Over the years, Brooks directed several church choirs. She served as composer-in-residence for the Birmingham (Alabama) Children's Theatre from 1967 to 1969, wrote TV commercials, and directed recording sessions. She was president of the Camelot Fine Arts Club, and received the Award of Merit from the Tennessee Arts Commission as "an outstanding member of the cultural force of the state of Tennessee who has helped to nurture and develop the arts in Tennessee."

Fluent in French, Brooks published a textbook, Les Gens, Les Endroits et Les Choses (People, Places and Things). For several years, her column "Composer's Corner" appeared in the National Federation of Music Clubs Junior Keynotes Magazine with her original compositions. She wrote articles about musical research and "Pupil Saver" columns for Clavier Magazine, and edited the Texas Federation of Music Clubs Bulletin.

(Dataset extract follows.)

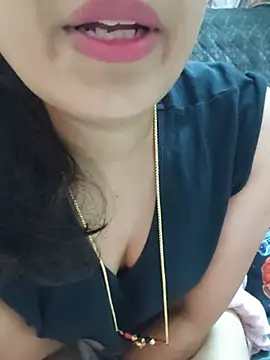 ____R-A-D-H-I-K-A____ – Live XXX-chat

Brooks composed many piano and vocal works, encompassing at least 72 opus numbers. Her music is published by FJH Music Co. Inc., McLaughlin & Reilly Co., and Schaum Publications Inc. Her compositions include:

== Piano ==

- Fantasy in a minor
- Jazz Man Suite
- Man Speaks Through Music
- Musical Moods
- Praise the Lord Jesus Christ
- Waltzing Windmills
- Waltz Parisienne

== Musical theatre ==

- Cinderella
- Flibberty-Gibbet
- Green Dragon
- Javoho Junction
- Make Way for Love
- Midsummer Night's Dream
- Pinocchio

== Vocal ==

- Contemporary Art Song Suite (text by William Blake)
- Suddenly, My Heart Sings (art songs)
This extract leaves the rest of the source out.